In parallel, we have implemented a novel quasi-linear viscoelasticity model that is able to capture and integrate our set-up’s quasi-static as well as dynamic data separately in terms of collagen and elastin. Finally, we have thoroughly assessed current methods of modelling smooth muscle contraction and discovered a potential instability in many of the approaches currently in use in the field.
Findings from this project were disseminated at multiple international (European and beyond) conferences, both to an engineering audience (World Congress of Biomechanics; Summer Biomechanics, Bioengineering, and Biotransport Conference) as well as more clinical audiences (e.g. ARTERY, European/International Societies of Hypertension, North American Artery). Further outreach was performed through Pint of Science, a Dutch radio interview, and Twitter, as well as through the project website.

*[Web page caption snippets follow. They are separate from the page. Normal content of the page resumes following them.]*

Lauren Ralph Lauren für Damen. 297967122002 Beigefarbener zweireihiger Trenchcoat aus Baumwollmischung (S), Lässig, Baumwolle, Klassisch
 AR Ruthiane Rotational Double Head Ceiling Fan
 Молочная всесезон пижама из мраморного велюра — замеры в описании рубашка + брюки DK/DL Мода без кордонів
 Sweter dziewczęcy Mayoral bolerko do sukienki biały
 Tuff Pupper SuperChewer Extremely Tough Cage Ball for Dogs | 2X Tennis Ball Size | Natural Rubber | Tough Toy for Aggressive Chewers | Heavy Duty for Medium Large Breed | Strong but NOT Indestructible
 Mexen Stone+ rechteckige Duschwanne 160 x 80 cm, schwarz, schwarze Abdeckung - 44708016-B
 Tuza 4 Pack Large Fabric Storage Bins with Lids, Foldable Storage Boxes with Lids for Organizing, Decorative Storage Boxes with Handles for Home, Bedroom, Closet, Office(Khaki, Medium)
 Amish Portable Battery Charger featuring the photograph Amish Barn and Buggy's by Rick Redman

The knowledge gained from in vitro biomechanical experimentation can also be used for better patient diagnosis using in vivo biomechanical measurements. By using the same, consistent methodology to study biomechanical phenotypes in many preclinical models, we will build a ‘dictionary’ or ‘atlas’ of biomechanical disease signatures. Such a dictionary can subsequently be used to ‘look up’ in vivo biomechanics data and potentially diagnose disease. This approach reinforces the importance of our pulsatile way of measurement: by capturing and characterising biomechanics under in vivo-like conditions, the resulting data can be directly used as a comparator for (true) in vivo data.